In his book Good to Great, Jim Collins it wasn’t a surprise that more than 80% of great companies do not rank technology as one of their top five reasons for making a great company. So, unless a technology fits squarely in with your Hedgehog Concept, you should ignore it.

Does the technology you use fit in with your Hedgehog concept?

Good retail companies often look to technologies to help take them to the next level, whereas great companies always use technologies as an accelerator to enhance their Hedgehog Concept. When a technology aligns with your Hedgehog Concept, you need to act like a great company and become a pioneer of it. If your Hedgehog Concept doesn’t drive the use of a technology, you either have to settle for parity or ignore it completely.

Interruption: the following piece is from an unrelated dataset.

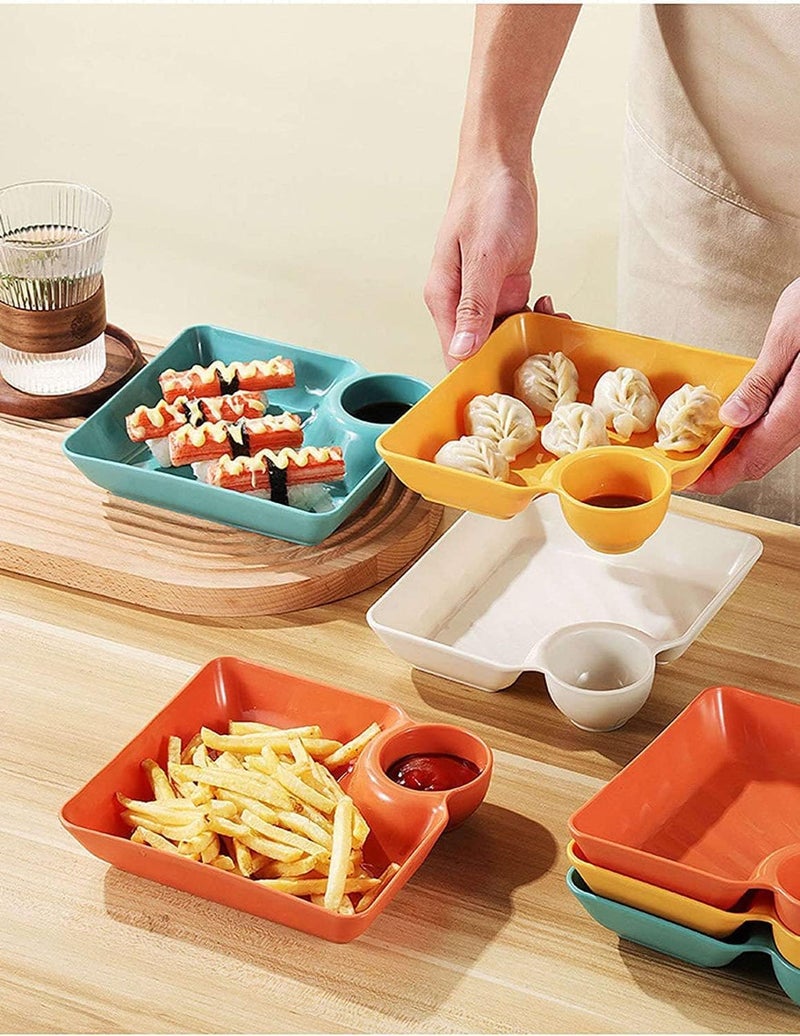 Krivety Dumpling Plate Dumpling Plate with Sauce Dish Design Versatile Easy to Clean Snacks Desserts Sushi Tray Kitchen Tableware Sauce Storage Tray Pack of 4 - Image 2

I’ve seen leading edge technologies that have been pioneered by great companies. However, I’ve also seen the same technologies in “comparison organisations” and witnessed them fail to produce the same results.

Before jumping on the technology bandwagon, you need to ask yourself:

  • How does this technology connect with our Hedgehog Concept?
  • Can we be pioneers in the technology?

If you answered no to both questions, just forget the bloody technology and move on. It’s so easy to panic in fear of being left behind, but you need to stop worrying about what technologies your competitors may or may not be using, as they will never be the answer to making you great.

The bottom line

Technology should only be used as an accelerator, rather than a creator of momentum. While I understand that it can be hard to dismiss the hype of current technologies, you need to have absolute discipline and steer clear of any technology trends that don’t support your Hedgehog Concept.

As Norwegian politician, Christian Lous Lange once said, “Technology is a useful servant, but a dangerous master.” Never use technology as a primary means of igniting transformation – but if you can, always become a pioneer in the application of carefully selected technologies.

A Culture of Discipline

Why You Should Create A Strong Culture Of Discipline

Have you ever worked for an organisation and wondered if it’s the lack of leader and worker discipline that has prevented it from rising to the next level? I have – and I’m not alone in my thoughts. Business expert and author of Good to Great, Jim Collins has stated: “a culture of discipline is not a principle of business; it is a principle of greatness.” After all, great retail companies that grow and continue to succeed are led by self-disciplined leaders who encourage a deeper culture of discipline.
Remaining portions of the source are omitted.